Task statement -
Take the data below. Output it exactly from its first line through the line containing "World Cup 2014: Sad".

Exercise data -
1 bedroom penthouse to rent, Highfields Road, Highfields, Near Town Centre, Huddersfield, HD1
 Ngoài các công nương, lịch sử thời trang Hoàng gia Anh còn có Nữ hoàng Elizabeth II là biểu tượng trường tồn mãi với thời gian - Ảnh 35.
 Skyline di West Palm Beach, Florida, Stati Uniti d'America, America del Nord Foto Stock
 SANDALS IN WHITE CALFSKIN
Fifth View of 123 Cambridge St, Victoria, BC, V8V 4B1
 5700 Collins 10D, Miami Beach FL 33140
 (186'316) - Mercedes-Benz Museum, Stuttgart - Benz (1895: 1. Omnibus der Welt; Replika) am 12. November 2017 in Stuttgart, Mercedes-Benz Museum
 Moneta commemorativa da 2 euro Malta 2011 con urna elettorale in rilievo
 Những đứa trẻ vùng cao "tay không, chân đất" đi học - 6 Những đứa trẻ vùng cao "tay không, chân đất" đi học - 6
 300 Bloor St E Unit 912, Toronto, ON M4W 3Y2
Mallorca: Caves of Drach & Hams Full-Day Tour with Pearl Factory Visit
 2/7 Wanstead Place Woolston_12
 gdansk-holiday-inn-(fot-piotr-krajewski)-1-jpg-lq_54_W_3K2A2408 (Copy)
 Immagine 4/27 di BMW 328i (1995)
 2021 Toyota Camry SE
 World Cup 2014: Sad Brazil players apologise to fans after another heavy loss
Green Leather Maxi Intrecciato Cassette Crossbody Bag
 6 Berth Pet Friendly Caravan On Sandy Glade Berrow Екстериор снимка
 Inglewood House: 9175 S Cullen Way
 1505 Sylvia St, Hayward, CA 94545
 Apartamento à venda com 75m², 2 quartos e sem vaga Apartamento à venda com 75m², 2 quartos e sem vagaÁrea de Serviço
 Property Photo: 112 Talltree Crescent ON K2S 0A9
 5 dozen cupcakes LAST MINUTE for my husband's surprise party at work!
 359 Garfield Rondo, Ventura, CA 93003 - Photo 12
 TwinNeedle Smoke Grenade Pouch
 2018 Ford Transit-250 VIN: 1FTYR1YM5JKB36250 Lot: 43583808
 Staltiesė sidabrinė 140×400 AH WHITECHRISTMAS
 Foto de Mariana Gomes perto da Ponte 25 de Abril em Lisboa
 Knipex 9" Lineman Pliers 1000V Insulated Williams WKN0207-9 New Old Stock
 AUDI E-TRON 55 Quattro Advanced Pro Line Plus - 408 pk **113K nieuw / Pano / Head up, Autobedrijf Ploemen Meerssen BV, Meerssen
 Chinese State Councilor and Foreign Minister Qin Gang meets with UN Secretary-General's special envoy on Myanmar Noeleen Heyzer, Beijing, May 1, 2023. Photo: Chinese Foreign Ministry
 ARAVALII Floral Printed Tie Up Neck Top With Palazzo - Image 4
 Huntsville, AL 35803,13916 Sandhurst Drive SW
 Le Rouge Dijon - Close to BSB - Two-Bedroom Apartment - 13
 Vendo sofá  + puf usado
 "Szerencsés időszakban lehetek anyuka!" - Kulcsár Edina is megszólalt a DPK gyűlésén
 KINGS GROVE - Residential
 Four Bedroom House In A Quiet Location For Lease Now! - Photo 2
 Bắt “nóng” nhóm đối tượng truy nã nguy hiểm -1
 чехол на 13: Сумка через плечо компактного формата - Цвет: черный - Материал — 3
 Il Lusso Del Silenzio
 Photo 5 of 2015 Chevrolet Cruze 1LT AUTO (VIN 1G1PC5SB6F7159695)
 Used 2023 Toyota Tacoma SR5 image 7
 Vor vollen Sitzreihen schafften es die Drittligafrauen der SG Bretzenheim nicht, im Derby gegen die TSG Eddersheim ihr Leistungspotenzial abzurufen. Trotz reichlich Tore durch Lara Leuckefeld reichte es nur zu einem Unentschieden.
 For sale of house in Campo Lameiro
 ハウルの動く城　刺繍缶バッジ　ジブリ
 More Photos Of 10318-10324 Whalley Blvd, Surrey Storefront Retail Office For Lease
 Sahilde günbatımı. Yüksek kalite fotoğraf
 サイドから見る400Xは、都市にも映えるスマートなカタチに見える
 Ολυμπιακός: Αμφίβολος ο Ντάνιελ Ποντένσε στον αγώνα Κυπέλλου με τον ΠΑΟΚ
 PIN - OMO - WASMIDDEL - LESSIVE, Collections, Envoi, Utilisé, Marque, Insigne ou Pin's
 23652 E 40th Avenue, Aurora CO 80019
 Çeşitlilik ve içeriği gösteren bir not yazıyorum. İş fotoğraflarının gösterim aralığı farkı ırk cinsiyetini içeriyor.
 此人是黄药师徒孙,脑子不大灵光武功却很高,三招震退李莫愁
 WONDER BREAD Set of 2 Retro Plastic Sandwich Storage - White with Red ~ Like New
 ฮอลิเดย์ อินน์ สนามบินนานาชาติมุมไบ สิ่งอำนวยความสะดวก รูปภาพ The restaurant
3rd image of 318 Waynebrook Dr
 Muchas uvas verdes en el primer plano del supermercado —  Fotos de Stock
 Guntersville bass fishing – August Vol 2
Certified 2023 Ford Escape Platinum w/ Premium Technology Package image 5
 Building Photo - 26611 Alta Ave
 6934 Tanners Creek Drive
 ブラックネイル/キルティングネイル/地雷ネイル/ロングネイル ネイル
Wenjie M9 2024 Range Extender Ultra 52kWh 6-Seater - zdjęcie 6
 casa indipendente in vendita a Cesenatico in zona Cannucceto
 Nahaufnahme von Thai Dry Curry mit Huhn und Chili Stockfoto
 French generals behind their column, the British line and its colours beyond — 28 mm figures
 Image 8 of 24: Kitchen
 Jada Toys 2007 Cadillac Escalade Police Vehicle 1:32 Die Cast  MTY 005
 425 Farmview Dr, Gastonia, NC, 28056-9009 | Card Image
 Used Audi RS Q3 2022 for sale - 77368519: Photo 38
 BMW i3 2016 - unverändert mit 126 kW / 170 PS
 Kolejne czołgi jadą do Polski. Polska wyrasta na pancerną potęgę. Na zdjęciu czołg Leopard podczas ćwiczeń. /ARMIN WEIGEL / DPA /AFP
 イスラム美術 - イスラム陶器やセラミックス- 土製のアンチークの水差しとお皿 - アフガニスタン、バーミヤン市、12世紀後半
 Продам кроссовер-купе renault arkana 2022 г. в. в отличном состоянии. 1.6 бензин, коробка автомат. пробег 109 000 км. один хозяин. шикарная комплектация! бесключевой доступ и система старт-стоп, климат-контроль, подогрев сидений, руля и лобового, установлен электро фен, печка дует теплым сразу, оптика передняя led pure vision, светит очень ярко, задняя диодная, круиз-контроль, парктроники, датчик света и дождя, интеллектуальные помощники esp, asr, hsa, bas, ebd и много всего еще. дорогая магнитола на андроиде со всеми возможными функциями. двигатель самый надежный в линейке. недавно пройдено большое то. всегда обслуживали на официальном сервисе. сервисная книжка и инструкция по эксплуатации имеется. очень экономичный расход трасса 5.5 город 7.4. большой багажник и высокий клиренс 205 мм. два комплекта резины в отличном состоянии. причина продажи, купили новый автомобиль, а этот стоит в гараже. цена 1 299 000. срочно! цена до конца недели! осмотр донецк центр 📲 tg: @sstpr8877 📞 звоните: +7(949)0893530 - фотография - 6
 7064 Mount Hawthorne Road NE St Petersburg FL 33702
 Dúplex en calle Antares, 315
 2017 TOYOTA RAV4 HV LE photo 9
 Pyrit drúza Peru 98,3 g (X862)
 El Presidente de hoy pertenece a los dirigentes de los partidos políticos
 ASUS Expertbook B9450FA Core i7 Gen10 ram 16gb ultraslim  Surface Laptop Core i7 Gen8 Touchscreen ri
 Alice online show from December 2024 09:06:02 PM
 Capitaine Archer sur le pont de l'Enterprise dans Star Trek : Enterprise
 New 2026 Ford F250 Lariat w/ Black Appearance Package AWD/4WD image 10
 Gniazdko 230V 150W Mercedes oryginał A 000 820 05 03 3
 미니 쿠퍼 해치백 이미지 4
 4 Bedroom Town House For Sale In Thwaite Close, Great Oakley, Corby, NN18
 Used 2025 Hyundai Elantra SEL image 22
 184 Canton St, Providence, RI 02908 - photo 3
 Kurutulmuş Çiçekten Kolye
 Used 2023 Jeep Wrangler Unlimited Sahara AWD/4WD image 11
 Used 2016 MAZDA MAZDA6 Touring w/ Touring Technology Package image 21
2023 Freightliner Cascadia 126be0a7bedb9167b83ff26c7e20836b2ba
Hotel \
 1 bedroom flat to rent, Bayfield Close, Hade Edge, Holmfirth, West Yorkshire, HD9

Solution below -
1 bedroom penthouse to rent, Highfields Road, Highfields, Near Town Centre, Huddersfield, HD1
 Ngoài các công nương, lịch sử thời trang Hoàng gia Anh còn có Nữ hoàng Elizabeth II là biểu tượng trường tồn mãi với thời gian - Ảnh 35.
 Skyline di West Palm Beach, Florida, Stati Uniti d'America, America del Nord Foto Stock
 SANDALS IN WHITE CALFSKIN
Fifth View of 123 Cambridge St, Victoria, BC, V8V 4B1
 5700 Collins 10D, Miami Beach FL 33140
 (186'316) - Mercedes-Benz Museum, Stuttgart - Benz (1895: 1. Omnibus der Welt; Replika) am 12. November 2017 in Stuttgart, Mercedes-Benz Museum
 Moneta commemorativa da 2 euro Malta 2011 con urna elettorale in rilievo
 Những đứa trẻ vùng cao "tay không, chân đất" đi học - 6 Những đứa trẻ vùng cao "tay không, chân đất" đi học - 6
 300 Bloor St E Unit 912, Toronto, ON M4W 3Y2
Mallorca: Caves of Drach & Hams Full-Day Tour with Pearl Factory Visit
 2/7 Wanstead Place Woolston_12
 gdansk-holiday-inn-(fot-piotr-krajewski)-1-jpg-lq_54_W_3K2A2408 (Copy)
 Immagine 4/27 di BMW 328i (1995)
 2021 Toyota Camry SE
 World Cup 2014: Sad Brazil players apologise to fans after another heavy loss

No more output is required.